New mini-antennas could bring medical device innovations
New miniaturized antennas may be a sign of things to come for medical products, according to a team of engineers at Northeastern University in Boston and Wright-Patterson Air Force Base in Dayton, Ohio. The devices are 100 times smaller than the models currently used for wireless communication, the researchers reported in Nature Communications. Their findings suggest this tiny innovation may have an outsized role to play in the medical product development process.
For life sciences businesses, miniaturization is one of the most important avenues for enabling the creation of exciting new products. Firms are now exploring the possibilities of advancements in human factors engineering and medical user experience design. This new antenna has great potential for pushing those efforts forward while opening up fresh possibilities for product designers and manufacturers.
Thinking small in communications
The engineers based the new antennas around the difference between electromagnetic and acoustic waves. EM waves travel at the speed of light, approximately 300 million meters per second. Acoustic waves, meanwhile, travel a few thousand meters per second within a solid, with the precise rate depending on the rigidity of the material.
"The key to making this approach work is converting EM waves into acoustic ones."
Advanced antennas are currently built to resonate with EM waves, and their sizes are determined accordingly, generally longer than a tenth of the EM wavelength. Making these wavelengths any smaller is a difficult task.
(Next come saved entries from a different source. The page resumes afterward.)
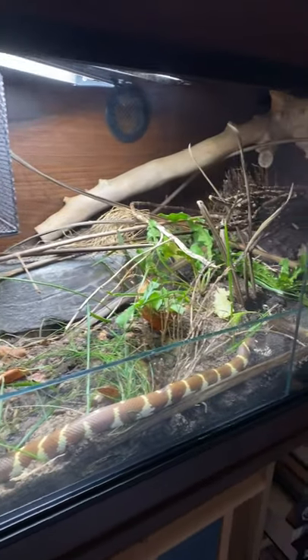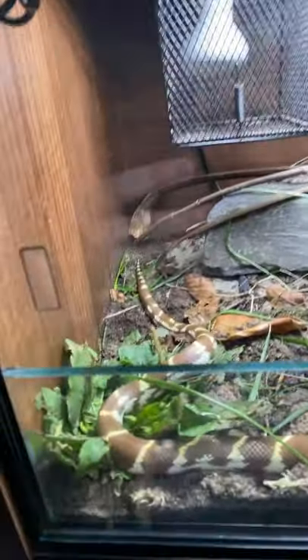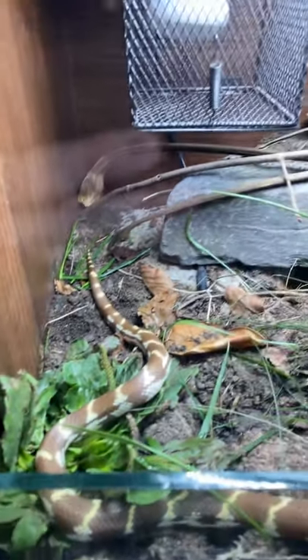I've just redone Charlie's vivarium. I've added in a glass substrate barrier, new substrate, and new plants — plants that are proxies for species that occur in the wild environment. But look at Charlie, that tongue is going crazy.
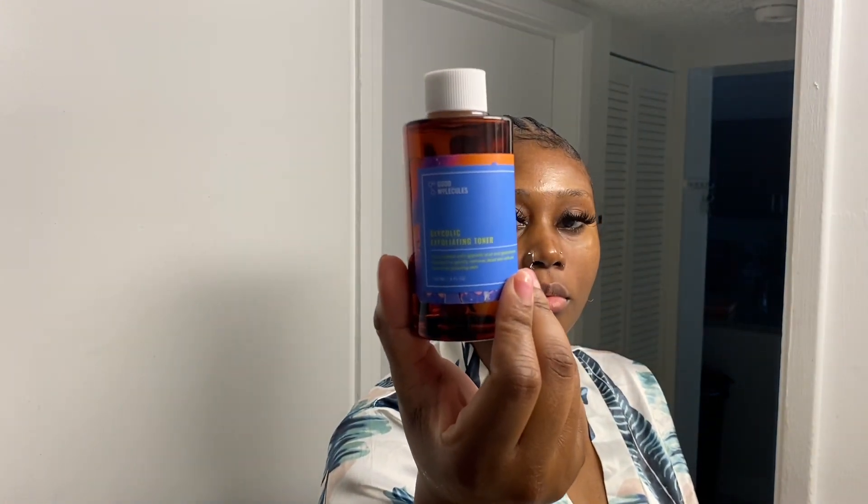Next, I'm going to grab a cotton ball and my favorite toner from Good Molecule. Next, I'm going to fan my face dry so I can add the next product.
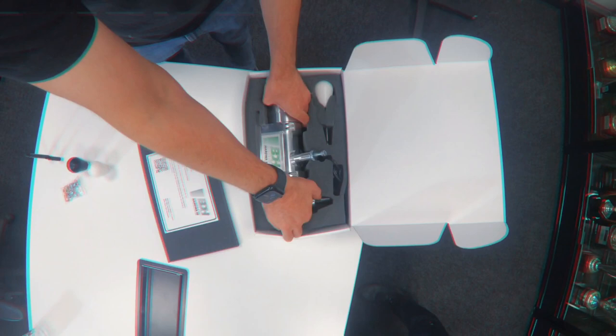Hi guys, Niall here from marinemarsfield.com and today I want to show you this new H-Pattern shifter for sim racing from BDH Race Sim Hardware.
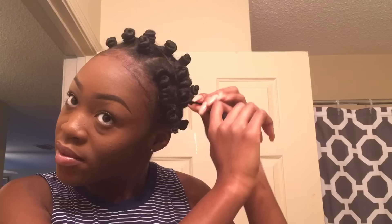All the bobby pins are pretty much out and I'm just going to begin to unravel my bantu knots. I'm showing my hands because I do not use any oils or any product to weigh down my hair to take out these bantu knots. I'm just unraveling them — they just uncoil by twisting.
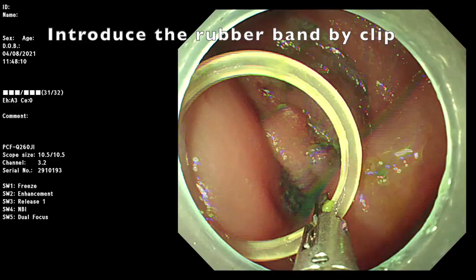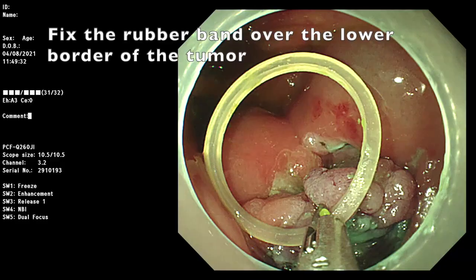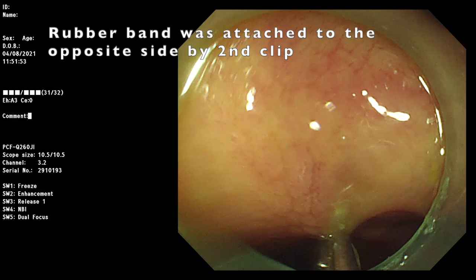The rubber band was introduced by the clip. Then, the rubber band was fixed on the lower border of the lesion by the same clip. The rubber band was then attached to the opposite side of the colonic wall by a second clip.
These engineers proposed a solution to the problem of miniaturization by taking into account that the antennas could also resonate with acoustic waves at the same frequencies.
The key to making this approach work is converting the EM waves into acoustic ones. To accomplish this, researchers used piezomagnetic material. This thin film expands and contracts in response to EM waves, resulting in acoustic vibrations.
With this material in place on acoustically actuated nanomechanical magnetoelectric antennas, researchers found they could achieve functionality in far smaller devices when compared to the latest compact antennas. With up to two orders of magnitude greater miniaturization, the antennas sent and received signals without degrading performance and much more efficiently than a conventional device of the same dimensions.
Implications for medical product innovation
The new antennas could have a wide range of applications, like incorporating smaller objects into the Internet of Things, shrinking cell phones and creating more compact satellites. The technology may prove a vital leap forward for medical product design and development. With connections for sharing data an increasingly important part of diagnosis and treatment, tiny antennas may have a valuable place in the next generation of implantable devices.
Nian Sun, a professor of electrical and computer engineering at Northeastern University who worked on the project, was optimistic about the medical applications for the latest advances. He explained to News @ Northeastern why the antennas represented such a meaningful step forward in biomedicine.
"Something that's millimeters or even micrometers in size would make biomedical implantation much easier to achieve, and the tissue damage would be much less," Sun said.
Sun is currently working on one such application in collaboration with a neurosurgeon at Massachusetts General Hospital. The scientists hope to create a device capable of detecting neuron behavior in the brain. If successful, the concept would be used to detect and treat neurological disorders such as epilepsy.
Taking the next steps
There's still a great deal of research to be done before it becomes practical to employ the miniaturized antenna technology in implantable medical products. While the new findings could pave the way for huge advancements in how we use a variety of devices, there are a number of technical issues to resolve first. For instance, one major obstacle that could stand in the way of using the antennas in human bodies is the heat output involved.
Rudy Diaz, an electrical engineer at Arizona State University in Tempe, told Science that he has reservations about the high energy density that would be involved in such products. He also pointed out that the antennas would be difficult to manufacture in large quantities and are often not worth the trouble or expense. Larger antennas are getting the job done in many cases.
While is not yet clear exactly what uses the miniaturized antennas will find, it seems that fascinating opportunities may lie ahead for manufacturers of connected medical devices. As products become smaller and more widely accepted in clinical use, these technological advancements have the potential to improve treatments and save lives. The possibilities are seemingly endless for products built to take advantage of the latest in both communications capabilities and medical industrial design.